Summary: Characterstics of a good friend as seen in the life of Joash

1. Title: You Could Use a Good Friend

2. Text: 2 Chronicles 22-24; 2 Kings 12

3. Audience: Villa Heights Christian Church, AM crowd, June 18, 2006, Father’s Day, 5th in the series “The Kings and I”

4. Objectives:

-for the people to understand the importance of having and being a good friend, and for this to especially be understood by fathers; to be able to recognize the relationships in their life are good and to contrast these with those that are harmful

-for the people to feel concerned that they surround themselves by godly influences; to care about being a godly influence on the people in their circle of friends; to feel that the role of fathers is vital, and to feel the necessity of supporting and encouraging fathers to be their best

-for the people to do a “Friendventory” and assess if the relationships in their life are building their faith or harming it; to reaffirm to some dads that they are appreciated and needed as leaders and guides in our lives

5. When I finish my sermon I want my audience to be convinced that our friendships are very vital, and that our lives are being influenced by and are influencing those around us

6. Type: biographical

7. Dominant Thought: Strong friendships carry the potential to be a great influence for good in our lives

8. Outline:

Intro: It’s Father’s Day, and in addition to talking to and about fathers this morning, I want to talk to everyone about the importance of right friendships in our life. Fatherhood is far more than friendship, but it includes friendship, and I’m finding that many of the qualities that apply to good friendship apply to fatherhood as well.

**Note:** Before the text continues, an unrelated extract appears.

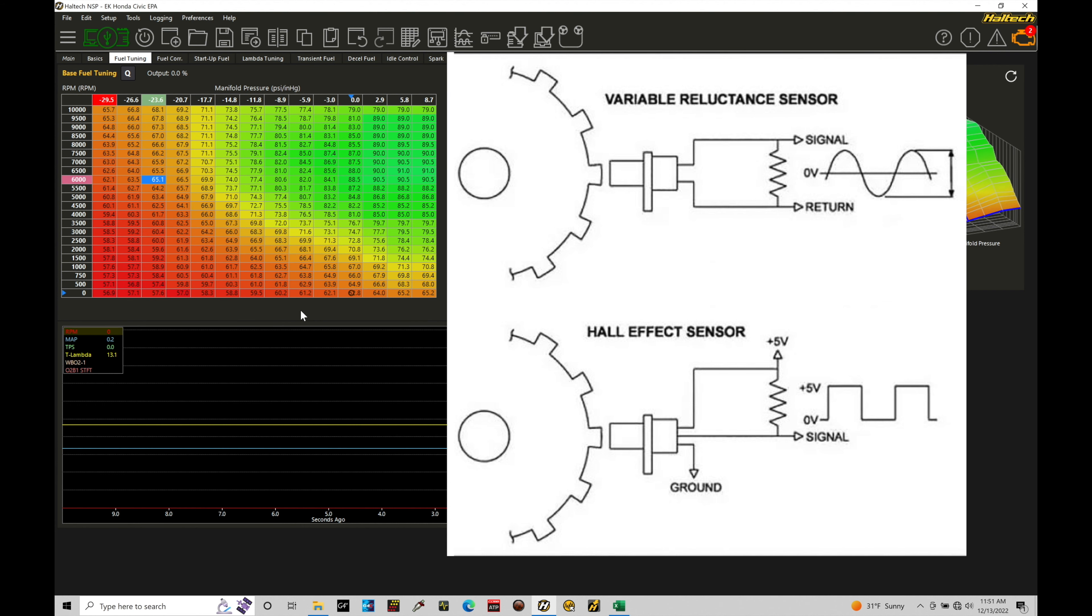And if we have a lower engine speed, it'll have a lower voltage output, a lower amplitude output for that sinusoidal wave output that we're dealing with here. So it's going to be primarily the key differences we need to know between a Hall effect and a VR magnetic type of sensor.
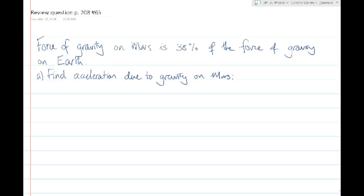I was asked to review this question, page 208, number 65, from the review package. It talks about Mars, and it says that the force of gravity on Mars is 38% of the force of gravity on Earth.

The fact is, everyone could use a good friend. People who try to deny this are making a choice that makes them less than they could be. You could use a good friend. It’s the whole reason that there are things called “support groups.” You know, you get together with people who share some struggle you have, and you encourage each other and help each other through it. It’s the reason there are groups like Alcoholics Anonymous and Gamblers Anonymous. Having a friend helps. In the movie, “Finding Nemo,” it’s the reason there’s a support group for sharks who are trying to change their image of being mindless eating machines and to stop eating fish. (clip from Finding Nemo – 20:15-22:30)

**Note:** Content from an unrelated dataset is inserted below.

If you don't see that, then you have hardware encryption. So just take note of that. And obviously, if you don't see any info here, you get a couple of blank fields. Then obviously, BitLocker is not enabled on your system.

You could use a good friend.

You’ve heard the old story, maybe even seen it in some movie. The kingdom is ruled by oppression. The king who’s on the throne shouldn’t be. He got there by some kind of coup, and had all the rightful heirs of the throne destroyed – all but one, who escaped. The tyrant king would love to get his hands on him to kill him. Somewhere, within the kingdom, a group of loyal subjects maintains a covert resistance. At the risk of being caught and killed, they’re hiding an infant, the rightful heir to the throne. They’re loyal to him, not because of his leadership, but because that baby represents the restoration of things as they ought to be in the kingdom. When the moment is right, they’ll declare him king and launch their move.

It makes a great story, doesn’t it? Great material, only, it’s not just a fairy tale. It’s really what happened in Judah right before King Joash. Athaliah, the former king’s mother, took over when her son died, and at the same time had all of the royal heirs of the family line of David killed.

2 Chronicles 22:11

But Jehosheba, the daughter of King Jehoram, took Joash son of Ahaziah and stole him away from among the royal princes who were about to be murdered and put him and his nurse in a bedroom.

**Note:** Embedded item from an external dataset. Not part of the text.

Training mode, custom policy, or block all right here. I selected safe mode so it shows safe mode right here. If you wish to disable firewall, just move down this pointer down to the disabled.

For the next 6 years, while the wicked Athaliah ruled Judah, Jehosheba and her husband kept their baby nephew, the rightful heir to the throne, hidden away in the temple. They lived there, in the temple, because Jehoiada was high priest. It’s no wonder that the boy would grow up with a real deep concern about the temple. Then, when Jehoiada had everything ready and in place, he had Joash declared king, and Athaliah put to death.

2 Chronicles 24:1-2

Joash was seven years old when he became king, and he reigned in Jerusalem forty years…Joash did what was right in the eyes of the LORD all the years of Jehoiada the priest.

Take special note of that last line, because it’s the key to applying this story to our lives. Joash was a good king, as long as he had the influence of Jehoiada in his life. Right after Jehoiada died, it all changed. Jehoiada had been his good friend, and even like a father to him.